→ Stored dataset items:
-------
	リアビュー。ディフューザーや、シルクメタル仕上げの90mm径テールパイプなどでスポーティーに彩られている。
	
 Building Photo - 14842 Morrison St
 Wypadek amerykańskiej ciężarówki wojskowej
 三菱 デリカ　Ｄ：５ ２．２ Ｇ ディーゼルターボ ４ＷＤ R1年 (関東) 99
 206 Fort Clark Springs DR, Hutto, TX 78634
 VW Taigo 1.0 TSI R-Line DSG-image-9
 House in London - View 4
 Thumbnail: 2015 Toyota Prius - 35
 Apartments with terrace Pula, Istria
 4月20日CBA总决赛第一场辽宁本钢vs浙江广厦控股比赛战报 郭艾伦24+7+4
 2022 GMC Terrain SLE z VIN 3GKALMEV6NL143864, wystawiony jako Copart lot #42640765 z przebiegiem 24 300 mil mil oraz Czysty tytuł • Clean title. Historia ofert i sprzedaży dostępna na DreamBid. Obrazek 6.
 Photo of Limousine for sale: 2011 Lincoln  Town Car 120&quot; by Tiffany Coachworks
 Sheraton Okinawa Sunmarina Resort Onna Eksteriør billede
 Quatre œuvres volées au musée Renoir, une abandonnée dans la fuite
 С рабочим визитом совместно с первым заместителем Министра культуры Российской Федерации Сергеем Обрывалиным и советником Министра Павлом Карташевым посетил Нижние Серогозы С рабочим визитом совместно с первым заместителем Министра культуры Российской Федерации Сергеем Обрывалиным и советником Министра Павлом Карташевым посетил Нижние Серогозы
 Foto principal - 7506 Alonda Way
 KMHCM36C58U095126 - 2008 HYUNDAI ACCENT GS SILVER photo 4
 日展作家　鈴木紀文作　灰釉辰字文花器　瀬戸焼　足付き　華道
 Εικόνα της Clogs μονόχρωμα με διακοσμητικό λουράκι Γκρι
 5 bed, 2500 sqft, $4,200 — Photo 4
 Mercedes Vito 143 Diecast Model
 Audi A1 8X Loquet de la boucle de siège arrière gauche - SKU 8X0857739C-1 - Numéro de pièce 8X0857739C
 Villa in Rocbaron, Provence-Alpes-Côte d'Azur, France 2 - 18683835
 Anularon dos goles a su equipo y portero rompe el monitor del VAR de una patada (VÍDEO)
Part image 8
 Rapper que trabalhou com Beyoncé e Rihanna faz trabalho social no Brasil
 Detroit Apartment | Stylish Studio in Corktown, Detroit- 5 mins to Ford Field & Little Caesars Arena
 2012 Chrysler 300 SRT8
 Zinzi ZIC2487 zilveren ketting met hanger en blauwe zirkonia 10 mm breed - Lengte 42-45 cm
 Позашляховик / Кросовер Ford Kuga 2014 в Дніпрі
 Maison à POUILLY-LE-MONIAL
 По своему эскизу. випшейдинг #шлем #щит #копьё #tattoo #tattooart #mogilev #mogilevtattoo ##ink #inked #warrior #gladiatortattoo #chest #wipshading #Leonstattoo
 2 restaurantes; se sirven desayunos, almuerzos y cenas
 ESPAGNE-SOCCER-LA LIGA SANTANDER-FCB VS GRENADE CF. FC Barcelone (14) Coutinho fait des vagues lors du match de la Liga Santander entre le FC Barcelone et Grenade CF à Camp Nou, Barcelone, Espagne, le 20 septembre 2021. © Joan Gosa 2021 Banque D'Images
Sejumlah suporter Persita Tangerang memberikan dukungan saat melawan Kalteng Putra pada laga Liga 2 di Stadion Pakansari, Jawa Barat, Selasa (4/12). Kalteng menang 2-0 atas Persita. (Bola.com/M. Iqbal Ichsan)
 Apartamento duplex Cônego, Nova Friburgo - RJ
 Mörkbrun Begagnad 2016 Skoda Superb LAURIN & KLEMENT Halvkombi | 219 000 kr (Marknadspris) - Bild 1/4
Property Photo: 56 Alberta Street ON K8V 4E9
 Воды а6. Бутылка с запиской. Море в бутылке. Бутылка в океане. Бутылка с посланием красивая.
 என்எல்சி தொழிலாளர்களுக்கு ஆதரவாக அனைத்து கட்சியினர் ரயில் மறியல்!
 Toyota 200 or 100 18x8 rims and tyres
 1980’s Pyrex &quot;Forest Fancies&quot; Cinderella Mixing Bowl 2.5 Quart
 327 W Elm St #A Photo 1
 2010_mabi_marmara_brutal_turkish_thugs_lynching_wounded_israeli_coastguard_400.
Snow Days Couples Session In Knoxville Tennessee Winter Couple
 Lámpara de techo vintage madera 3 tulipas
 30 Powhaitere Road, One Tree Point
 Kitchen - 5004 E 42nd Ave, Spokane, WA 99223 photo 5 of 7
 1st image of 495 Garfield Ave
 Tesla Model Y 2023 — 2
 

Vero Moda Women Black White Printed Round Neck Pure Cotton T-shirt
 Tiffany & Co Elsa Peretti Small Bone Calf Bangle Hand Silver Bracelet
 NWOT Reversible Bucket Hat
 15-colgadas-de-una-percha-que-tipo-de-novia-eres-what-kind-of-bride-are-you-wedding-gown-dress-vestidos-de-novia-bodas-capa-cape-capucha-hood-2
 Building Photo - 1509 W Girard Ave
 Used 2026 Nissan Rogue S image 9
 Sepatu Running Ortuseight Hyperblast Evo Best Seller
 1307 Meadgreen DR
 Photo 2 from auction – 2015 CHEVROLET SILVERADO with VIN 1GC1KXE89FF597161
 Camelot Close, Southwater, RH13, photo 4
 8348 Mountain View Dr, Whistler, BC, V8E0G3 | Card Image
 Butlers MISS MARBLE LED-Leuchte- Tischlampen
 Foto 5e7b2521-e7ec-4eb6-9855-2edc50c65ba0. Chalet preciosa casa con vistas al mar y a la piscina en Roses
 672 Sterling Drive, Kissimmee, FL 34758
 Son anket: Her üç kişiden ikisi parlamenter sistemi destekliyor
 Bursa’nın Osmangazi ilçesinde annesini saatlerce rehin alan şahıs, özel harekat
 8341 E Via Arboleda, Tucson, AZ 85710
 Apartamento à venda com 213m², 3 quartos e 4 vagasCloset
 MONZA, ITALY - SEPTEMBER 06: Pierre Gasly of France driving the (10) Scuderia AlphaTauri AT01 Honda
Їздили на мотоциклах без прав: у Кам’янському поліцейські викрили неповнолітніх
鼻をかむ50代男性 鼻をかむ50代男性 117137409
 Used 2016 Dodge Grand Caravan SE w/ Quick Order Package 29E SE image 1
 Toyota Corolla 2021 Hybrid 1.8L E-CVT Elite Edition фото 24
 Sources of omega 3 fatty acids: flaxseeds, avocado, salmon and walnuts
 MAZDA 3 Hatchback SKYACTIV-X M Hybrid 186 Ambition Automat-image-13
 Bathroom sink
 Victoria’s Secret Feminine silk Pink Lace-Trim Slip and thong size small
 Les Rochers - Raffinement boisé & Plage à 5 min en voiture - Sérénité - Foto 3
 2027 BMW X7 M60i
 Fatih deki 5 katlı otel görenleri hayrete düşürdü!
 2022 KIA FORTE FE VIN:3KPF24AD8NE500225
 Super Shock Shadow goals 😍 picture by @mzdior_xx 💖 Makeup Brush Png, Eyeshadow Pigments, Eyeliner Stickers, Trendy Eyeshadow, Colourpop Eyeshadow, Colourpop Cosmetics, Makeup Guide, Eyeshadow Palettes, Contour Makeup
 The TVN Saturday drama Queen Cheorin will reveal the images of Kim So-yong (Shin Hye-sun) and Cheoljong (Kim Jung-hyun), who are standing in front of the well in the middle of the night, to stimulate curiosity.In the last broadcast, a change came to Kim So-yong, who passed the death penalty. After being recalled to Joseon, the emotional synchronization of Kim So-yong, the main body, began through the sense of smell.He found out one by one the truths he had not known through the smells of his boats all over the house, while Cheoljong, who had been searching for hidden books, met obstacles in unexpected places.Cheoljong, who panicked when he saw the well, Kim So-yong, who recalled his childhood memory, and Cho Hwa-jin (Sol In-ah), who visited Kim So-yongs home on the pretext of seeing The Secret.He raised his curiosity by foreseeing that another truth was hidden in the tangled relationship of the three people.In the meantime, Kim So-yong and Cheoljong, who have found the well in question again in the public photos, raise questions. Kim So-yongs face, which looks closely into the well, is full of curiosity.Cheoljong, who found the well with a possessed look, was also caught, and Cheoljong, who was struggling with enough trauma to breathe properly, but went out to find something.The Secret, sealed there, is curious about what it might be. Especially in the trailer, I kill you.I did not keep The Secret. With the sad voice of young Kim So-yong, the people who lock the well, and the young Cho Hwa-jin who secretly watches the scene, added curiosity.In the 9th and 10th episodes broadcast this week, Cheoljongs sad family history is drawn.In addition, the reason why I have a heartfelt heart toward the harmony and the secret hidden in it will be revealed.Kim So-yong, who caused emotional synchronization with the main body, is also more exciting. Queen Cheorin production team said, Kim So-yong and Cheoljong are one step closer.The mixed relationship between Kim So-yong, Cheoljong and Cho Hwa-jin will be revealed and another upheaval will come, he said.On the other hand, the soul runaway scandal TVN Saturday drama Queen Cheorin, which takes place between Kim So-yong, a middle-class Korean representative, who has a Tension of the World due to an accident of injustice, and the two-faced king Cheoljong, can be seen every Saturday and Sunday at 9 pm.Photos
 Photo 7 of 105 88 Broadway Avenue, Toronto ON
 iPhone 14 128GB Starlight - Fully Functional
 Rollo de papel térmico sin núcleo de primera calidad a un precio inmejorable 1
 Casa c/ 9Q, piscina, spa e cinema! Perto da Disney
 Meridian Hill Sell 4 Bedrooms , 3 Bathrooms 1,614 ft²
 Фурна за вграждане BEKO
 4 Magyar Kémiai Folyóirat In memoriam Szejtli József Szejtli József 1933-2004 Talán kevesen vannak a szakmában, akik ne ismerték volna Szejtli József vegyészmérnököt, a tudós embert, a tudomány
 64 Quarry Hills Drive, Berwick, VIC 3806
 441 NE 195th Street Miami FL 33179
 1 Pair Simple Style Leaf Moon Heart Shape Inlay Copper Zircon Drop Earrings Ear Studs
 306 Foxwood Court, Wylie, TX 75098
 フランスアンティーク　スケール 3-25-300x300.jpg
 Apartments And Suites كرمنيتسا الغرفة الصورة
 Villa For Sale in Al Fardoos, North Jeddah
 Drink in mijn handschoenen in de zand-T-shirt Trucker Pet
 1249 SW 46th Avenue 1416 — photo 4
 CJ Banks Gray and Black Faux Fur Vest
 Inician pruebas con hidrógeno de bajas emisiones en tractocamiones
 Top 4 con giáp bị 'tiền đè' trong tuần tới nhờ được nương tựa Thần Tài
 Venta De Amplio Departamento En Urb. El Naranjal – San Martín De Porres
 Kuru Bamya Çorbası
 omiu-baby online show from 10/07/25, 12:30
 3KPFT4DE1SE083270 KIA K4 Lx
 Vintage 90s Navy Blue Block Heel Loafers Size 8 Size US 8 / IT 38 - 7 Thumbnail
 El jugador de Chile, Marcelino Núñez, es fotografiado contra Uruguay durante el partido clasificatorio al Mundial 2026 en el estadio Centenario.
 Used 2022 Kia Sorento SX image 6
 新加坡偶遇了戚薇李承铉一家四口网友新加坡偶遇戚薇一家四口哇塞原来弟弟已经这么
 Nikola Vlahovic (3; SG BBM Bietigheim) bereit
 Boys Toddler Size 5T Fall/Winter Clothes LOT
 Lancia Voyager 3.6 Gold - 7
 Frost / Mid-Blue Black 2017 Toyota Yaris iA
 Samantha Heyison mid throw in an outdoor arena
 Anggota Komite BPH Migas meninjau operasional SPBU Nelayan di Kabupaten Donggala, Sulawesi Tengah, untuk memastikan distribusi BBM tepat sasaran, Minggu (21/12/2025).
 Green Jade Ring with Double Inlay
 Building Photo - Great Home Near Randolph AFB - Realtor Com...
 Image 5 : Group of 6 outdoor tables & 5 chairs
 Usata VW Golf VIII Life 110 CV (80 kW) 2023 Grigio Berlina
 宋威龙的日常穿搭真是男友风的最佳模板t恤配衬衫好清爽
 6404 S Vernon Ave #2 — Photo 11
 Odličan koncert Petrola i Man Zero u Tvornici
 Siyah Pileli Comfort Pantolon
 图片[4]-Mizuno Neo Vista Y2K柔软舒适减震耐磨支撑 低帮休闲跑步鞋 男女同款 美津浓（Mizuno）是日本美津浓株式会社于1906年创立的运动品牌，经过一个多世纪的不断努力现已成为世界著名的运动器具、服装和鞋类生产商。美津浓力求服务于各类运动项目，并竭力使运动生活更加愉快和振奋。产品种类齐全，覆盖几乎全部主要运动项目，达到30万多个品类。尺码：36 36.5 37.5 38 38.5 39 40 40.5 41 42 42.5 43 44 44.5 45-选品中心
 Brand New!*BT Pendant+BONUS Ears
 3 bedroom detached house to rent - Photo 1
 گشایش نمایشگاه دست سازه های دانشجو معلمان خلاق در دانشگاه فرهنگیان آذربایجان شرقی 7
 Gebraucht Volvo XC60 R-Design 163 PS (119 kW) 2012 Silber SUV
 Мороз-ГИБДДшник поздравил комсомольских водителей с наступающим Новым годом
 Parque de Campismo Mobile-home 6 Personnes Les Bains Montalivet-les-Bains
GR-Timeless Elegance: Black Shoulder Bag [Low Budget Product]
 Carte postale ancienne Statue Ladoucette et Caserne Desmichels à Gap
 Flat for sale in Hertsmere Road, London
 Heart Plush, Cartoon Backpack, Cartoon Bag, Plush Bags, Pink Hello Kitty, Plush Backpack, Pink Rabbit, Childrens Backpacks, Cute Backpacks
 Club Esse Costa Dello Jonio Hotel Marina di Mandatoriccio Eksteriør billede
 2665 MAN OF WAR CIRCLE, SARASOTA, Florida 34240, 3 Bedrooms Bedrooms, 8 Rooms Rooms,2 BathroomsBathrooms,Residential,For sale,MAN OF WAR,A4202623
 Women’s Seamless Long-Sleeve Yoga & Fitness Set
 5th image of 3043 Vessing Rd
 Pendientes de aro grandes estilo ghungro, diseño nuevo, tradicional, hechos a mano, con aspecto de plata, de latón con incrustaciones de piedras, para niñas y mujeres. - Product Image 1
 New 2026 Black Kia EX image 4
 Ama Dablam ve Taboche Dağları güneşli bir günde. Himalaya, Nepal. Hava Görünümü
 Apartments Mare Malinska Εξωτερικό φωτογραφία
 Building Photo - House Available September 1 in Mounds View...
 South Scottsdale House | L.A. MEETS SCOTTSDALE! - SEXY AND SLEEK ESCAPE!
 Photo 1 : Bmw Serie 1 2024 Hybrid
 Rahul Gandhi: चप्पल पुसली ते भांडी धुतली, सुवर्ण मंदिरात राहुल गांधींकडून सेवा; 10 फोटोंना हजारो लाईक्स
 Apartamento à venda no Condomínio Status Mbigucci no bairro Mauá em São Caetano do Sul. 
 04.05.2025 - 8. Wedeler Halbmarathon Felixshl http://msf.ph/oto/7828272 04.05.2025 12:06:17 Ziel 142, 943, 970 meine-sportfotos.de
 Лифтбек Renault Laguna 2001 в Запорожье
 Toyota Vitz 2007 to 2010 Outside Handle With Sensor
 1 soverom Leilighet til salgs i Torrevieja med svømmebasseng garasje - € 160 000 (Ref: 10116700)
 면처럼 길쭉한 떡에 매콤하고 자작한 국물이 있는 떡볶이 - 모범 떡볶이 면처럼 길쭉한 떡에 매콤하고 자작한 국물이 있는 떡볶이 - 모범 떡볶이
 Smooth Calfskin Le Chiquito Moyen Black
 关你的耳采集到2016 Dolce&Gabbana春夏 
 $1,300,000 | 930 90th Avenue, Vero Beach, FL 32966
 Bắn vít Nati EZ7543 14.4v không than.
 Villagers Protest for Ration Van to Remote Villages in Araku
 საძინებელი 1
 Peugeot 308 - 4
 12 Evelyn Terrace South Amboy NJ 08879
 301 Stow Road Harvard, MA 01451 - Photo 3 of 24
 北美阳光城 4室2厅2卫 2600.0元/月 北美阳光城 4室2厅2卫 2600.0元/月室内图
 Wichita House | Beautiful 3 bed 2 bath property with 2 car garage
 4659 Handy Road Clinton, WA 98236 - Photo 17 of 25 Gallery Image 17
-------
→ What is expected:
Copy all lines above containing the string "Ford".

→ Answer to the problem:
 Detroit Apartment | Stylish Studio in Corktown, Detroit- 5 mins to Ford Field & Little Caesars Arena
 Позашляховик / Кросовер Ford Kuga 2014 в Дніпрі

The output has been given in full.